Katherine Rundell visited the school in which I worked shortly after her first book, ‘Rooftoppers’ was published. It was a sensation, as was she. Young, educated, articulate and convincing- she had her audience compelled by her energy and ambition.

The book deserved its acclaim. It was something fresh, daring and different. Yet despite being in that audience, loving her debut and her delivery, I felt reluctant to dive into her magic anew with her latest title, ‘The Wolf Wilder.’ I thought, ‘Can she really be that good?’

Yes, reader, she can. I think what Katherine Rundell can do, which is so rare for any author, whether writing for children or adults, is create something different every time. ‘The Wolf Wilder’ is unlike anything I have read. There is a ‘sniff’ of Philip Pullman’s Lyra, but Feo, Rundell’s main character, is unschooled, unsophisticated, almost fauve-savant.

The story is set in pre-revolutionary Russia. The setting is used to explain and exacerbate the turmoil bubbling from St Petersburg to the rural communities that threaten Feo’s way of life.

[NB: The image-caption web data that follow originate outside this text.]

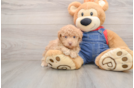 Small Poodle Purebred Pup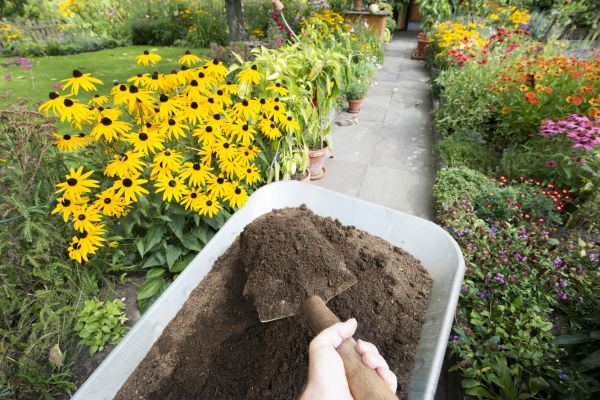 Topsoil Replacement in San Jose
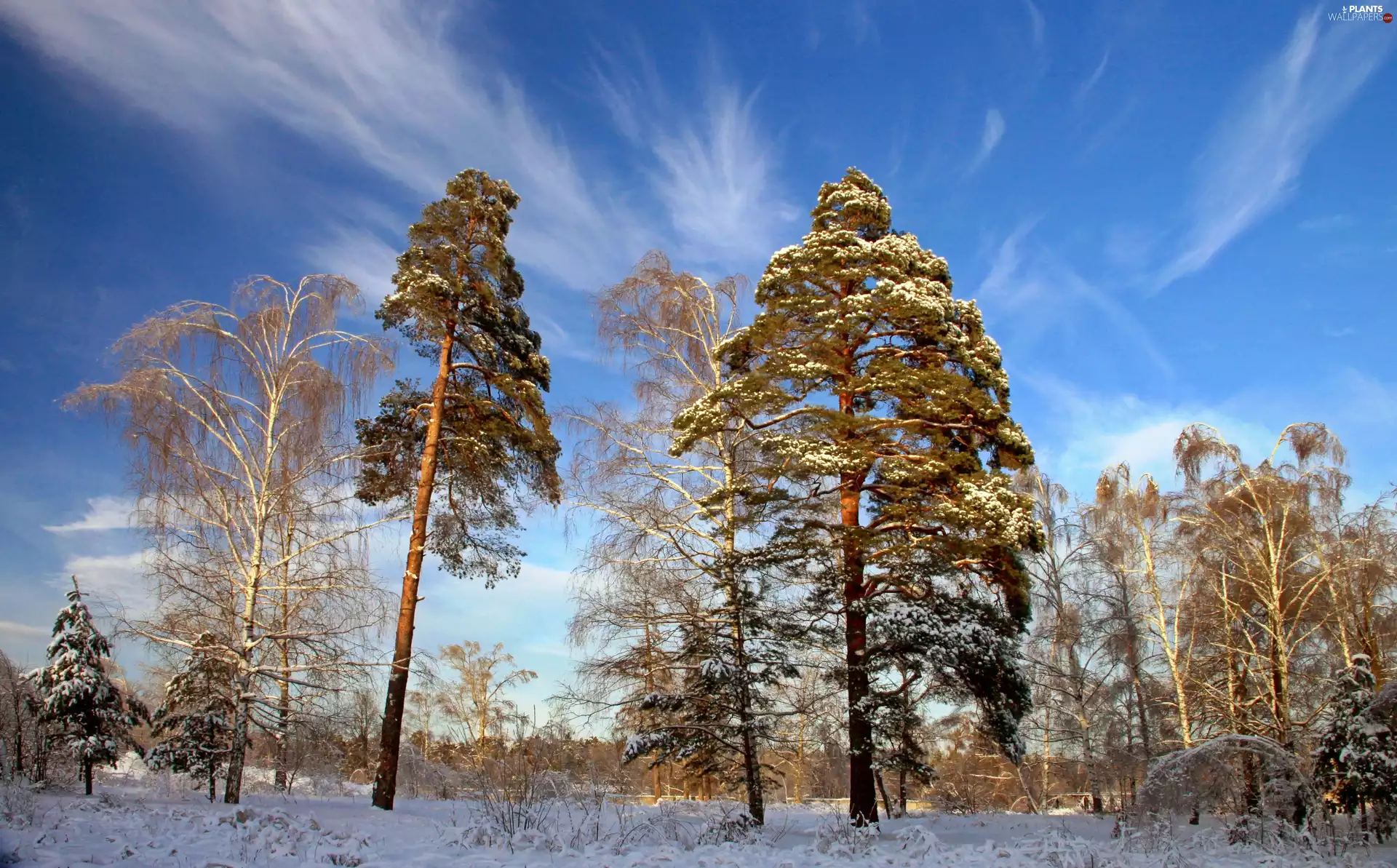 viewes, winter, trees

I loved the characters, full of impulsivity, passion and rage, the wintry backdrop, the history and zoology. I loved the way there is no compromise in the story’s delivery. We learn the harsh realities of poverty, cold, cruelty and superstition. We bear the full brunt of Feo’s and Ilya’s harsh location and lives.

’The Wolf Wilder’ is a triumph. This one, dear Jake, is in your birthday parcel.